Globally, increasing numbers of young people are struggling to navigate learning through an international language that is not widely used in their lives outside of school, most commonly English (Dearden, 2014; Milligan, 2020). Research overwhelmingly shows that the use of an unfamiliar language of instruction (LOI) has a detrimental impact on student outcomes and contributes to poor quality, inequitable educational experiences (Afitska, et al., 2013; Alidou, et al., 2006). Yet, despite these challenges, aspirations relating to English remain extremely high and students and parents report a preference for English-medium schooling (Qorro, 2009; Ferguson, 2013; Sah & Karki, 2020). This desire for English bolsters policy-makers' resistance to change, resulting in a fraught and seemingly immoveable LOI debate.
This fellowship builds upon PhD research that explored the experiences of students in two secondary schools in Tanzania, where the official LOI is English. The PhD study identified an absence of meaningful engagement with students' voices and agency in LOI research and addressed this, generating a rich, socially-situated account of students' aspirations and experiences of negotiating their school language environments. The PhD thesis employs a theoretical approach that innovatively reframes the LOI debate, acknowledging the concerns and priorities of all opposing sides.
This fellowship aims to extend the impact of the PhD research by connecting its findings to other knowledge(s) relating to language, learning and justice in education. Firstly, I will engage in collaborative activities with young people and expert practitioners to co-produce impact materials for Tanzania. These will connect the research findings to lived experiences and understandings of how to encourage behaviour change, resulting in locally- relevant youth advocacy and teacher development resources. Secondly, through the fellowship Mentor, Dr Lizzi Milligan, I will connect my PhD research to findings from her project focused on LOI and girls' education in Rwanda. By co-creating a policy brief and youth voice video, this combined knowledge will reach a wider international audience. Thirdly, I will develop my academic profile by writing journal articles and presenting conference papers that connect my work to an interdisciplinary academic community. Finally, I will write proposals for future research, building on the work done in my PhD, applying a similar conceptual and methodological approach to questions of language, justice and belonging in UK schools.
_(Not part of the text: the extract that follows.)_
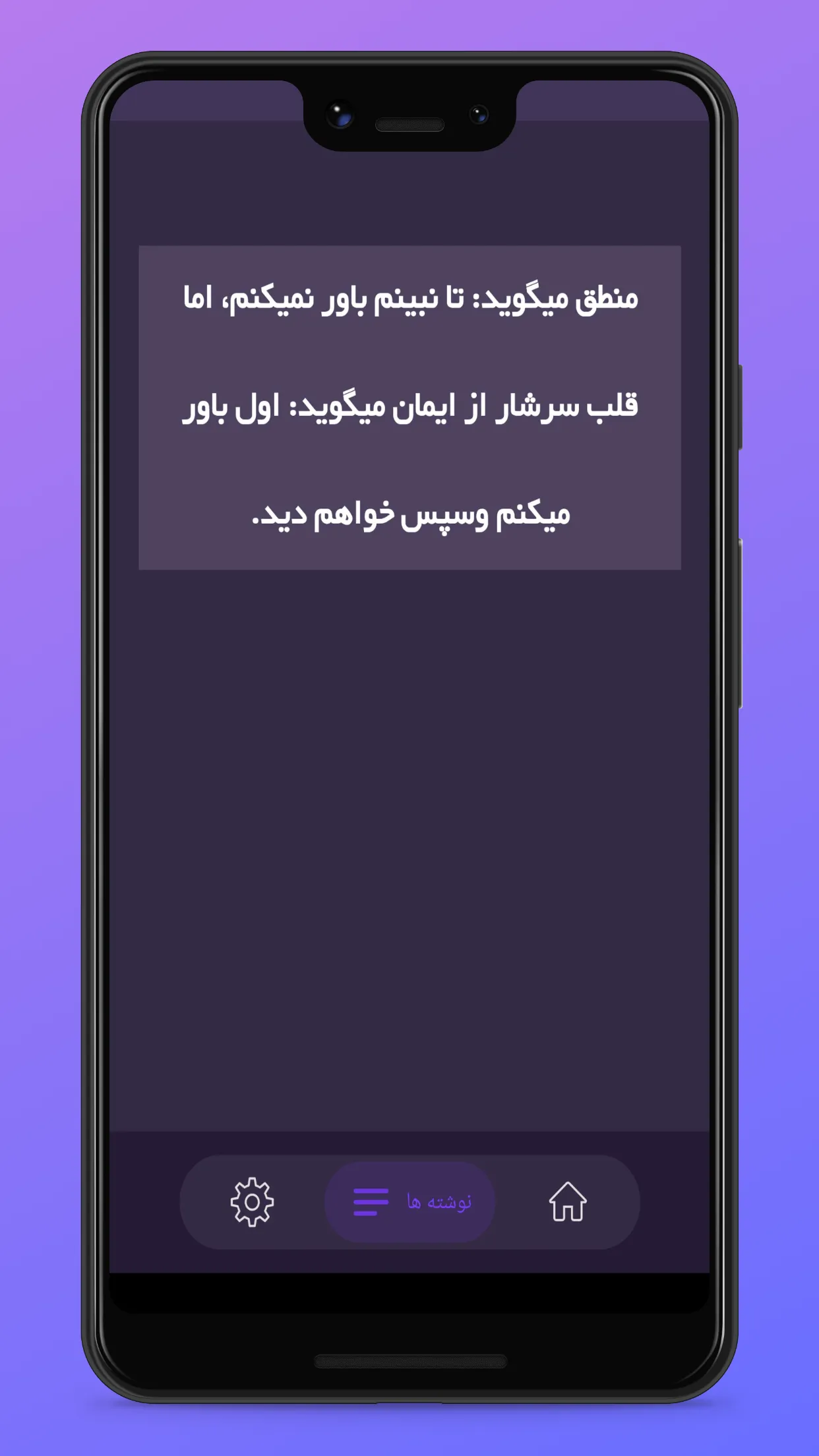 کتاب صوتی قدرت من هستم ۲ | Indus Appstore | Screenshot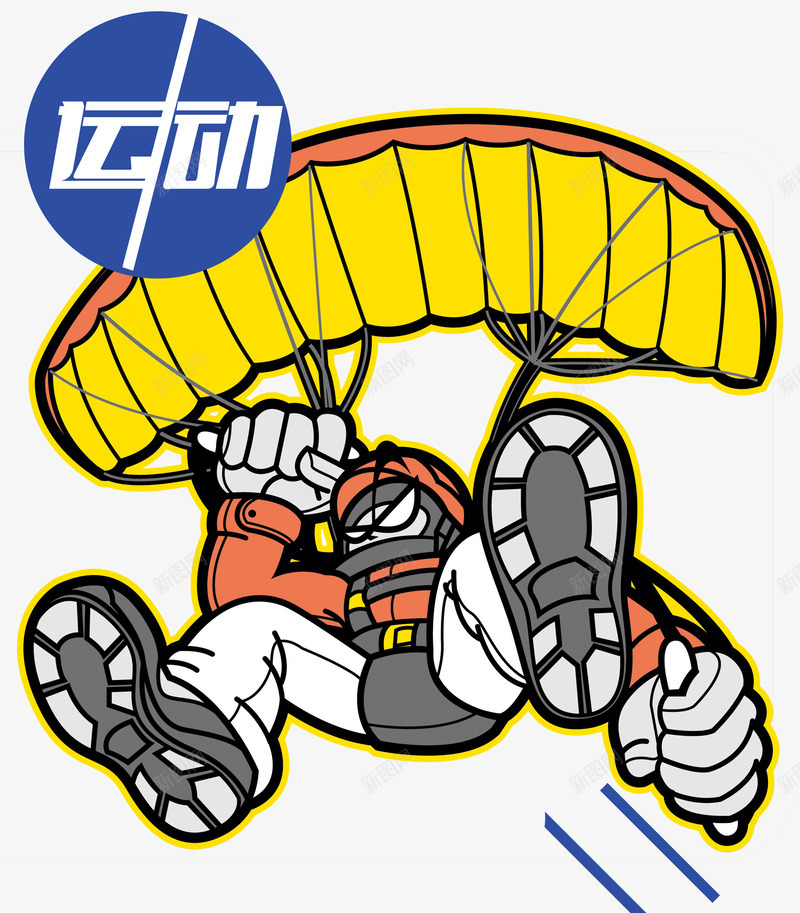 运动滑翔翼卡通png免抠素材_88icon https://88icon.com 几何线条 卡通 挑战极限 极限运动 滑翔伞 滑翔翼 滑翔运动 飞翔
This fellowship also aims to foster the research knowledge, skills and networks needed to underpin my academic career progression. Forging different forms of connections - to research-users, to broader research and policy agendas, and to the academic community - will both require and enable me to develop a range of important research capabilities. Building these connections and skills will greatly strengthen my capacity for impactful future research. Key to the professional development aims of this fellowship is the relationship with the Mentor, Dr Milligan, who is a successful and respected scholar in the field. Inclusion in the University of Bath research community also offers access to multiple formal and informal learning opportunities.
The critical role of language in improving the quality and equity of education has been widely evidenced, yet it is a source of real frustration for researchers that language is rarely given priority in international education policy and planning (Tikly, 2016; Milligan, Desai & Benson, 2020). Connecting knowledge(s) and bringing together and amplifying the voices of young people, practitioners and researchers is key if language issues are be pushed to the forefront. This fellowship is designed to facilitate some of these connections and to develop the research capabilities I need to play a significant and influential future role in these debates.